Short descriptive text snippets
====
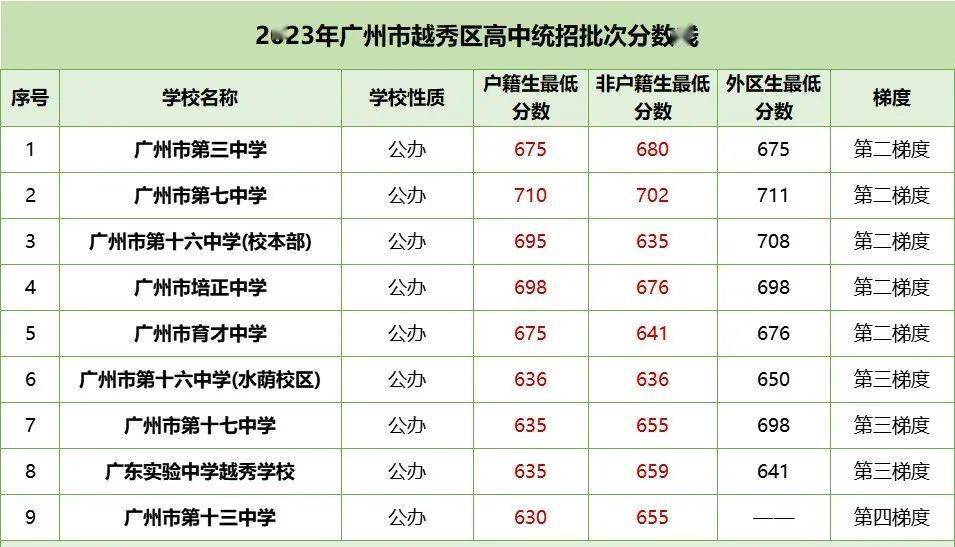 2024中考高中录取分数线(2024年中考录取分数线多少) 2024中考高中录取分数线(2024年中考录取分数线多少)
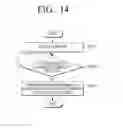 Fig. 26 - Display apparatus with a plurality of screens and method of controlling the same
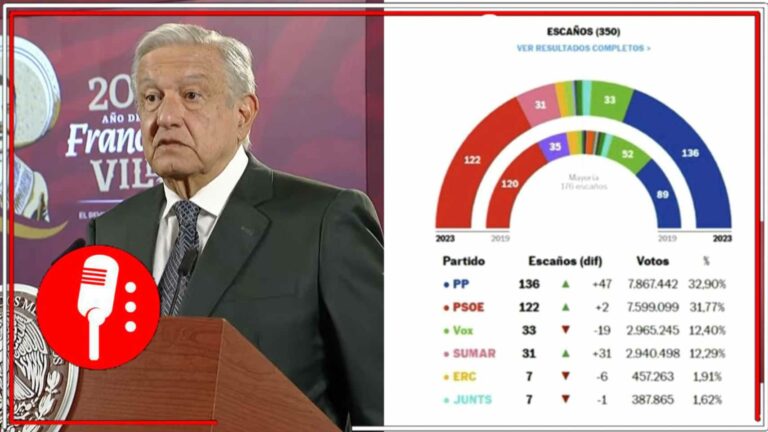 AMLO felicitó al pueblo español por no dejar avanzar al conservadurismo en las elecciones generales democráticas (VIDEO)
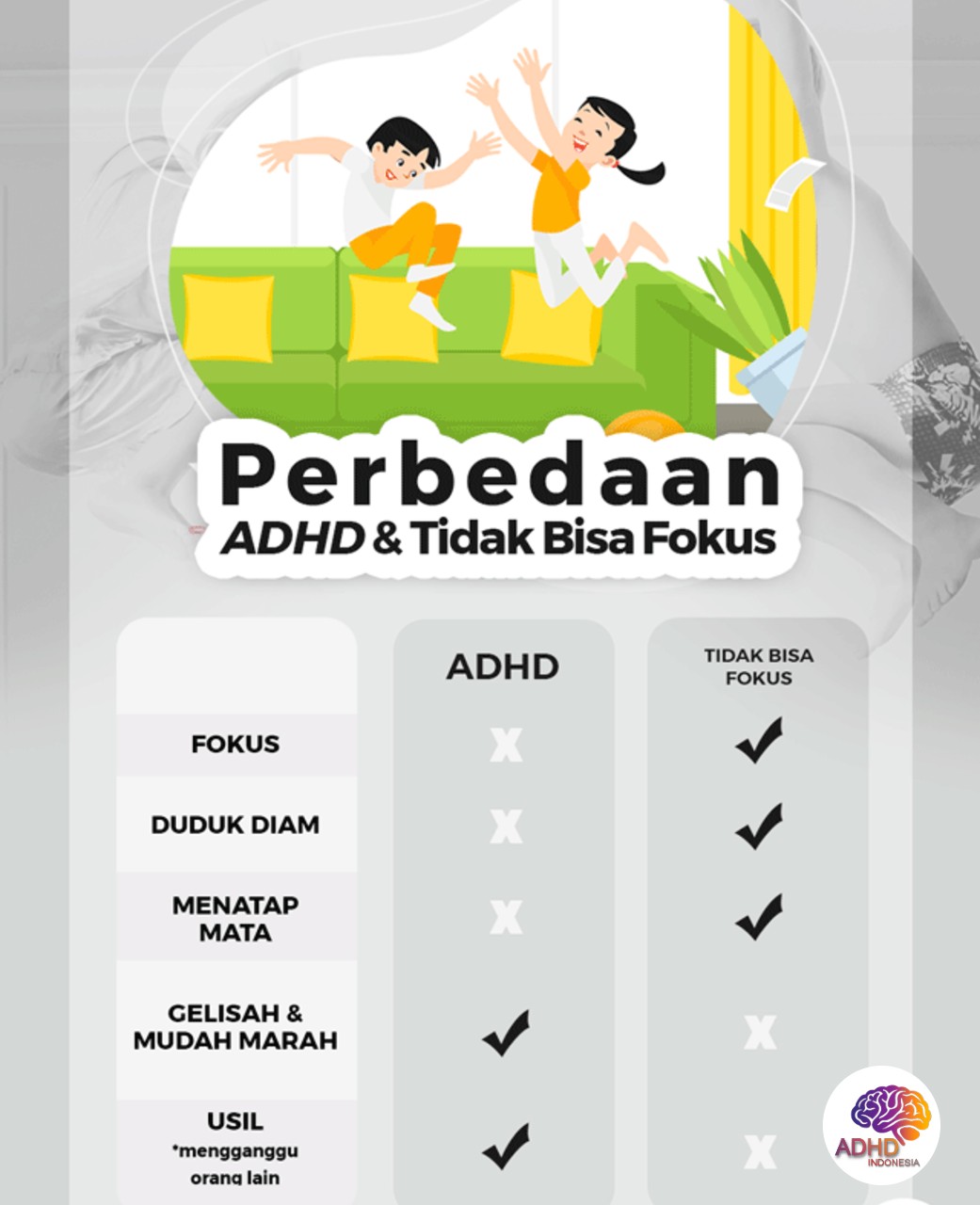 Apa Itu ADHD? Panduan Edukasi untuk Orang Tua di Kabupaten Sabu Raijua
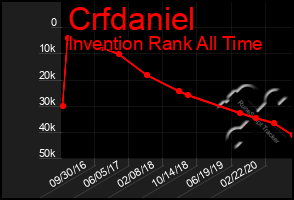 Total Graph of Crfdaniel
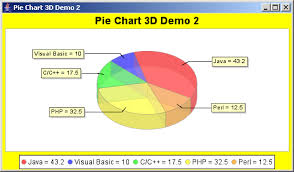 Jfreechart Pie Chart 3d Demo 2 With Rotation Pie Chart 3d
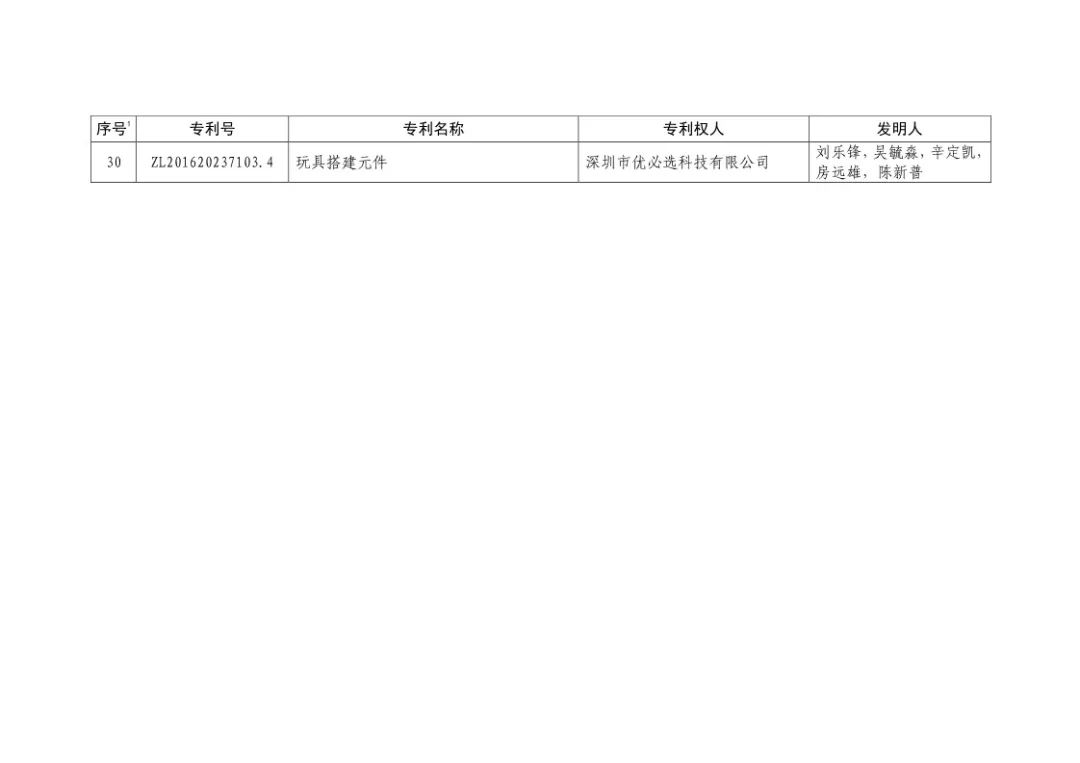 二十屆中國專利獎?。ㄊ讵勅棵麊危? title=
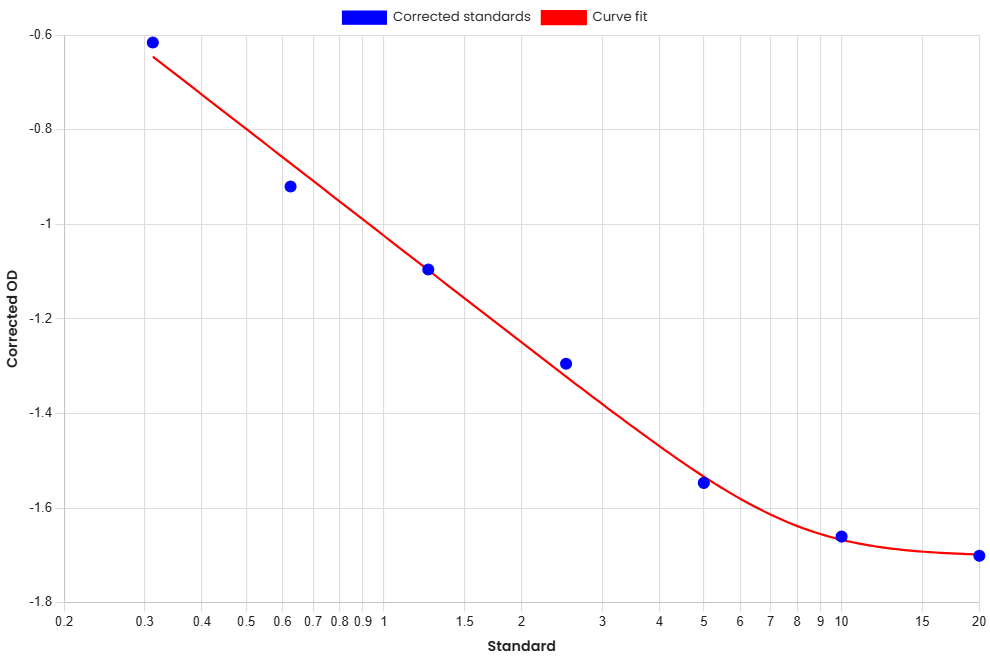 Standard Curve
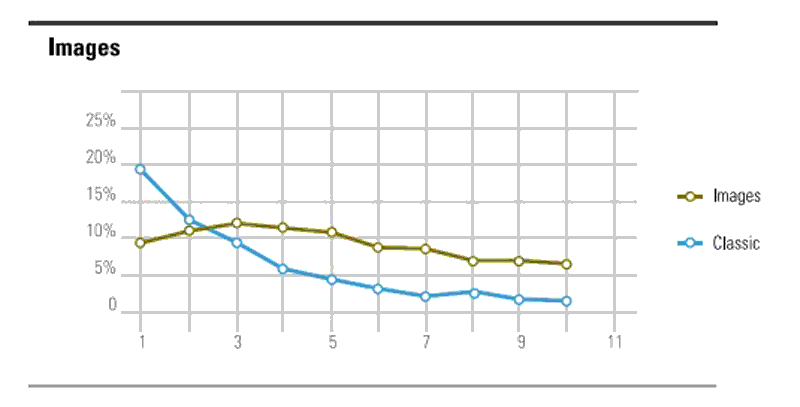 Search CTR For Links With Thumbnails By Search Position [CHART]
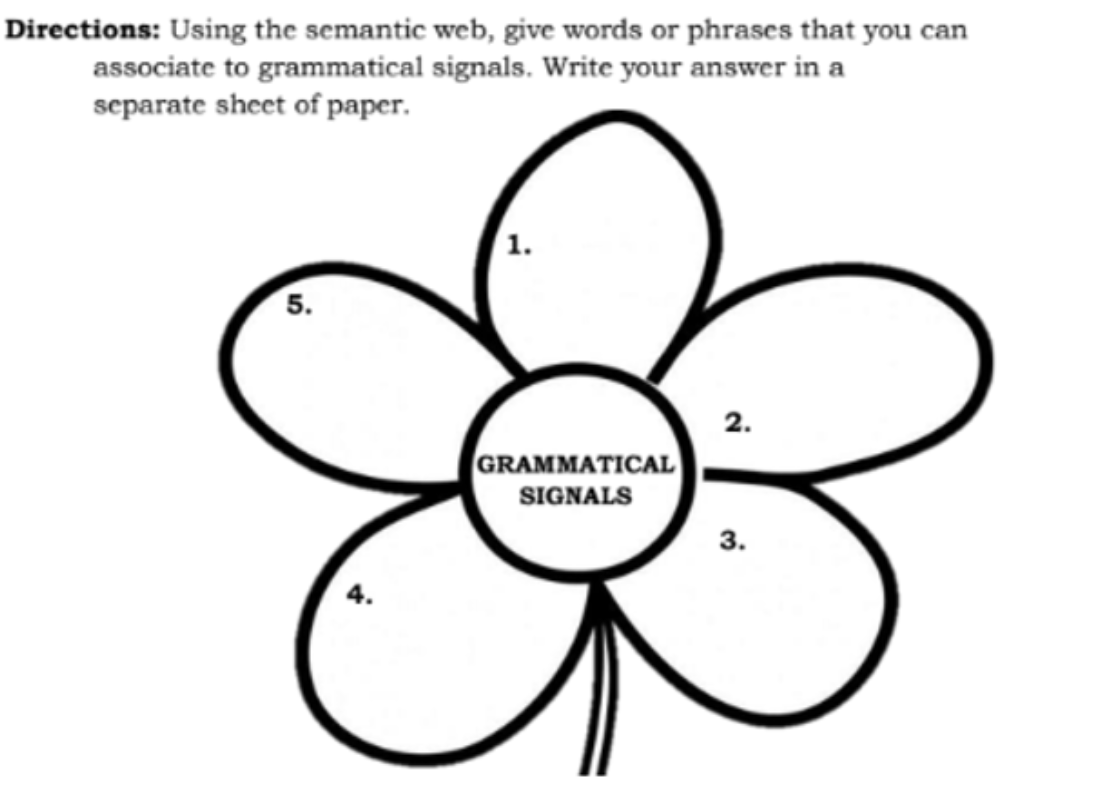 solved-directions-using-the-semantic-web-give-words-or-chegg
====
TASK ITEM: All records above should be duplicated exactly, with the pictures omitted.

RESPONSE BELOW:
 2024中考高中录取分数线(2024年中考录取分数线多少) 2024中考高中录取分数线(2024年中考录取分数线多少)
 Fig. 26 - Display apparatus with a plurality of screens and method of controlling the same
 AMLO felicitó al pueblo español por no dejar avanzar al conservadurismo en las elecciones generales democráticas (VIDEO)
 Apa Itu ADHD? Panduan Edukasi untuk Orang Tua di Kabupaten Sabu Raijua
 Total Graph of Crfdaniel
 Jfreechart Pie Chart 3d Demo 2 With Rotation Pie Chart 3d
 二十屆中國專利獎?。ㄊ讵勅棵麊危? title=
 Standard Curve
 Search CTR For Links With Thumbnails By Search Position [CHART]
 solved-directions-using-the-semantic-web-give-words-or-chegg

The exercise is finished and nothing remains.